Instances of unlawful personal data sales and distribution (both before and after a firm has gone into administration) are rife, claims the report from the regulators. The statement warns that by distributing personal data without the legal consent of those it concerns, they may be breaching the terms of both the General Data Protection Regulation and the Data Protection Act 2018.
All direct communications carried out by claims management companies could also be a direct violation of the Privacy and Electronic Communications Regulations 2003 (PECR).
The regulators promised to take action against those found to have breached any applicable data protection laws and policies, encouraging those who may be doing so to revisit and reconsider their practices and policies.
A Widespread Public Problem
Meanwhile, the UK’s data protection regulator has come under heavy criticism for failing to sufficiently protect the public from the risks of beh (behaviour advertising, eg remarketing) or targeted ads, which are ‘systematically’ breaking data protection and privacy laws.
Warnings were issued last summer that the growing adtech (advertising technology) industry is already out of control, though little action has been taken to turn things around. The Information Commissioner’s Office previously agreed that real-time bidding (RTB) systems used in online advertising may be accessing and using people’s private information in an unlawful way.
“We have reviewed a number of justifications for the use of legitimate interests as the lawful basis for the processing of personal data in RTB. Our current view is that the justification offered by organisations is insufficient,” commented Simon McDougall, the ICO’s executive director of technology and innovation.

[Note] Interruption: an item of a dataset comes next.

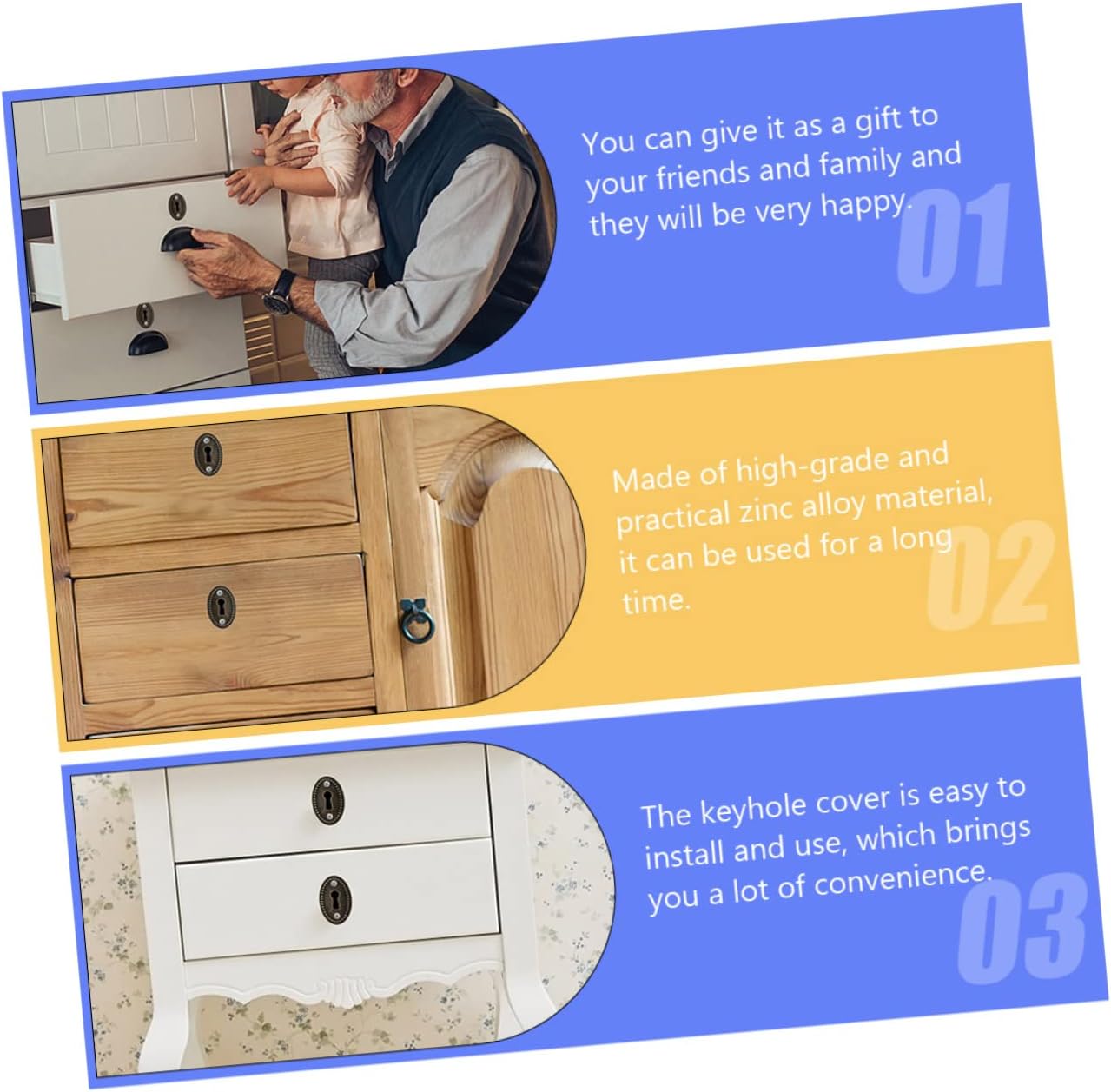 Generic 30pcs Antique Bulk Keyhole Protectors Keyholes Escutcheon Plate Replacement for Cabinet Hardware and Locks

“The Data Protection Impact Assessments we have seen have been generally immature, lack appropriate detail, and do not follow the ICO’s recommended steps to assess the risk to the rights and freedoms of the individual.”
“We will continue to investigate RTB. While it is too soon to speculate on the outcome of that investigation, given our understanding of the lack of maturity in some parts of this industry we anticipate it may be necessary to take formal regulatory action and will continue to progress our work on that basis.”